Exercise prompt
Would you restate the full listing word for word and omit its pictures?
___ Source data
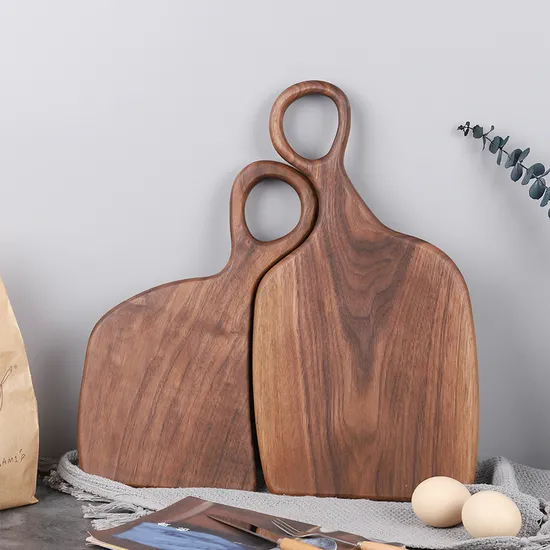 Solid Wood Walnut Serving Board 2 PCS Set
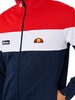 Ellesse Caprini Track Jacket - Red/Navy/White
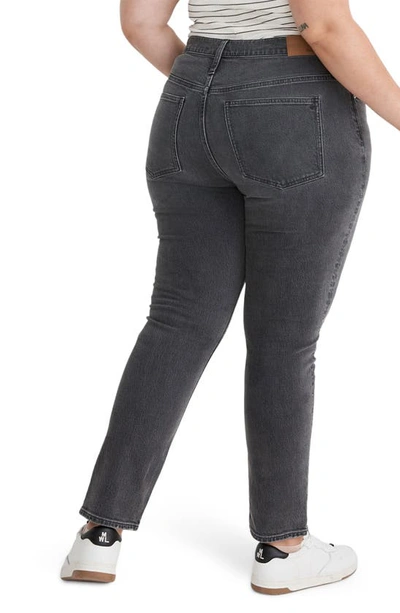 Madewell The Perfect Ripped High Waist Tapered Jeans In Bartlett Wash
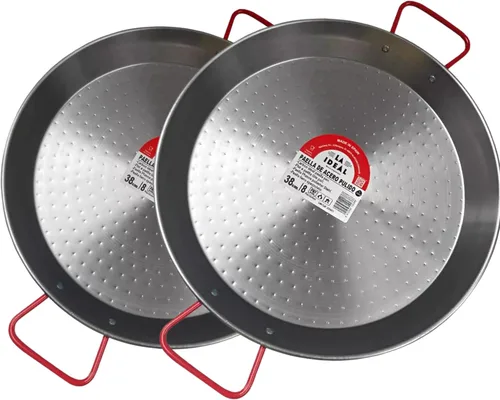 Miniatura 9 de Garcima olla para paella de acero al carbono, 15 pulgadas, 38 cm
______
Your solution
 Solid Wood Walnut Serving Board 2 PCS Set
 Ellesse Caprini Track Jacket - Red/Navy/White
 Madewell The Perfect Ripped High Waist Tapered Jeans In Bartlett Wash
 Miniatura 9 de Garcima olla para paella de acero al carbono, 15 pulgadas, 38 cm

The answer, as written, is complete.